This script is a follow up to the analysis of technical variables for the gene expression data.

The impact of when the samples were collected (relative to time of death)

There was a concern that “Hours post-mortem” were confounded by species. For example, according to the documentation that we received from the different sites, the rhesus macaque samples were collected earlier than the chimpanzee samples and the chimpanzee samples were collected earlier than humans. These differences could impact the quality of the RNA. We can look at RIN score as a proxy for RNA quality.
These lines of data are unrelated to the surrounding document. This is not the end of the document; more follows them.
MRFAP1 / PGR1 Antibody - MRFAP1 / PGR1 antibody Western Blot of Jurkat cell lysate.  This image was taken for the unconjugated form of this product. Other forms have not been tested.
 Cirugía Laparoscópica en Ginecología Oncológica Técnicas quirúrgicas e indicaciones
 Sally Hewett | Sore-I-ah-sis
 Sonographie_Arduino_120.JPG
Therefore, we will look to see if there are differences in RIN score

Note: RIN score is missing for H4Lu

# Load libraries

library("ggplot2")

# Load information about the 

RNA_seq_info <- read.csv("~/Reg_Evo_Primates/ashlar-trial/data/RNA_seq_info.csv")

# Boxplot RIN score by species

new_plot <- ggplot(data = RNA_seq_info, aes(y = RIN.score, x = Species)) + geom_boxplot() + geom_point(aes(color = Tissue), size = 5,  position=position_jitter(width=0.2, height=0.1))
new_plot + labs(title = "RIN score versus species by tissue", y = "RIN score", x = "Species")
## Warning: Removed 1 rows containing non-finite values (stat_boxplot).
## Warning: Removed 1 rows containing missing values (geom_point).

# RIN score by species with individual name

new_plot <- ggplot(data = RNA_seq_info, aes(y = RIN.score, x = Species, label = RNA_seq_info$Individual)) + geom_point(aes(color = Tissue), size = 5)
new_plot + geom_text(vjust = -0.4, nudge_y = 1.5) + labs(title = "RIN score versus species by tissue", y = "RIN score", x = "Species")
## Warning: Removed 1 rows containing missing values (geom_point).
## Warning: Removed 1 rows containing missing values (geom_text).

# Boxplot RIN score by tissue

new_plot <- ggplot(data = RNA_seq_info, aes(y = RIN.score, x = Tissue)) + geom_boxplot() + geom_point(aes(color = Species), size = 5,  position=position_jitter(width=0.2, height=0.1))
new_plot + labs(title = "RIN score versus tissue by species", y = "RIN score", x = "Tissue")
## Warning: Removed 1 rows containing non-finite values (stat_boxplot).
## Warning: Removed 1 rows containing missing values (geom_point).

# RIN score by species with individual name

new_plot <- ggplot(data = RNA_seq_info, aes(y = RIN.score, x = Tissue, label = RNA_seq_info$Individual)) + geom_point(aes(color = Species), size = 5)
new_plot + geom_text(vjust = -0.4, nudge_y = 1.5) + labs(title = "RIN score versus tissue by species", y = "RIN score", x = "Tissue")
## Warning: Removed 1 rows containing missing values (geom_point).
## Warning: Removed 1 rows containing missing values (geom_text).